I think I am getting confused at the level between this superficial, high level understanding and the low-level details. It sounds like the "size" of a cell is the number of nodes in the sigmoid and tanh boxes. Is that correct? If so, how does that relate to the input size for the seq2seq model? For example, the default vocabulary size is 40,000, and the default cell size is 1024. How does the 40,000 element one-hot vocabulary vector for each step of the sequence get matched to the 1024 node internal cell size? Is that what the embedding wrapper does?
Most importantly, what effect would increasing or decreasing the size of the cell have? Would a larger cell be better at learning embeddings? Or at predicting outputs? Both?
It sounds like the "size" of a cell is the number of nodes in the
sigmoid and tanh boxes. Is that correct?
The size of the cell is the size of the RNN state vector h. In the case of LSTM it's also the size of c. It's not "the number of nodes" (I'm not sure what you mean by nodes).
If so, how does that relate to the input size for the seq2seq model?
For example, the default vocabulary size is 40,000, and the default
cell size is 1024. How does the 40,000 element one-hot vocabulary
vector for each step of the sequence get matched to the 1024 node
internal cell size?
The input size for the model is independent of the state size. The two vectors (input and state) are concatenated and multiplied by a matrix of shape [state_size + input_size, state_size] to get the next state (simplified version).

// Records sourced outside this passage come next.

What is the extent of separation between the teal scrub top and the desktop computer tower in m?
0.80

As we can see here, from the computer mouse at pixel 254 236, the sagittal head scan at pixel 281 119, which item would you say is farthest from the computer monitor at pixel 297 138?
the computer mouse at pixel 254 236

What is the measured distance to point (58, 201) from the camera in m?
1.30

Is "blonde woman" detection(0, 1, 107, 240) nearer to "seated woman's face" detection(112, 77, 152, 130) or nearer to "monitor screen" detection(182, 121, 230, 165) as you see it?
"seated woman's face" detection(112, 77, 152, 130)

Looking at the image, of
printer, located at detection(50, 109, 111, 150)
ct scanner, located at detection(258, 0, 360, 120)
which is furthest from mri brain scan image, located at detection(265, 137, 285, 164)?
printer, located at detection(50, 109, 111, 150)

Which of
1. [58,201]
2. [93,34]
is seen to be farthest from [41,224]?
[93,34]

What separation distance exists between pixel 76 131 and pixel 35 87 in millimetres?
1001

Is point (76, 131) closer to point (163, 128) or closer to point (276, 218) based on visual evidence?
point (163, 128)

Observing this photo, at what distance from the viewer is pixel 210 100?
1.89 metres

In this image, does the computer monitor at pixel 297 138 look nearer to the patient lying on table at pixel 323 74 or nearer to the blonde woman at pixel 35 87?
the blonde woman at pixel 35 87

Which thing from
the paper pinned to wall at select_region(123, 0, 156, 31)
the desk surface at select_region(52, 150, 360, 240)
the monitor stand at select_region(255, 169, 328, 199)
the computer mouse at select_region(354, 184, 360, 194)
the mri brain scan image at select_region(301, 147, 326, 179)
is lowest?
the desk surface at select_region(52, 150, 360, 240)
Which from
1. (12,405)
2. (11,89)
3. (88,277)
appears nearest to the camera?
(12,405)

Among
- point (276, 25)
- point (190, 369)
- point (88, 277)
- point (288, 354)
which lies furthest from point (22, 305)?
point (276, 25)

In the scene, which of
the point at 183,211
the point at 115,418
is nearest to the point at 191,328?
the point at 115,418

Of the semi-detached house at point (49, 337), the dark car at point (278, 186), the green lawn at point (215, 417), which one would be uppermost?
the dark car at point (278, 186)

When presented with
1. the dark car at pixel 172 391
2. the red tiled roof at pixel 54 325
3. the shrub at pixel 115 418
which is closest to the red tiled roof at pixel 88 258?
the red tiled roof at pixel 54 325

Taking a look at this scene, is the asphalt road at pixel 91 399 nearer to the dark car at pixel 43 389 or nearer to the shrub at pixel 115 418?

Is that what the embedding wrapper does?
No, the embedding is the result of multiplying the 1-hot input vector with a matrix of size [vocab_size, input_size], before doing the multiplication.

What is num_units in tensorflow BasicLSTMCell?

In MNIST LSTM examples, I don't understand what "hidden layer" means. Is it the imaginary-layer formed when you represent an unrolled RNN over time?
Why is the num_units = 128 in most cases ?
From this brilliant article
num_units can be interpreted as the analogy of hidden layer from the feed forward neural network. The number of nodes in hidden layer of a feed forward neural network is equivalent to num_units number of LSTM units in a LSTM cell at every time step of the network.
See the image there too!
The number of hidden units is a direct representation of the learning capacity of a neural network -- it reflects the number of learned parameters. The value 128 was likely selected arbitrarily or empirically. You can change that value experimentally and rerun the program to see how it affects the training accuracy (you can get better than 90% test accuracy with a lot fewer hidden units). Using more units makes it more likely to perfectly memorize the complete training set (although it will take longer, and you run the risk of over-fitting).
The key thing to understand, which is somewhat subtle in the famous Colah's blog post (find "each line carries an entire vector"), is that X is an array of data (nowadays often called a tensor) -- it is not meant to be a scalar value. Where, for example, the tanh function is shown, it is meant to imply that the function is broadcast across the entire array (an implicit for loop) -- and not simply performed once per time-step.
As such, the hidden units represent tangible storage within the network, which is manifest primarily in the size of the weights array. And because an LSTM actually does have a bit of it's own internal storage separate from the learned model parameters, it has to know how many units there are -- which ultimately needs to agree with the size of the weights. In the simplest case, an RNN has no internal storage -- so it doesn't even need to know in advance how many "hidden units" it is being applied to.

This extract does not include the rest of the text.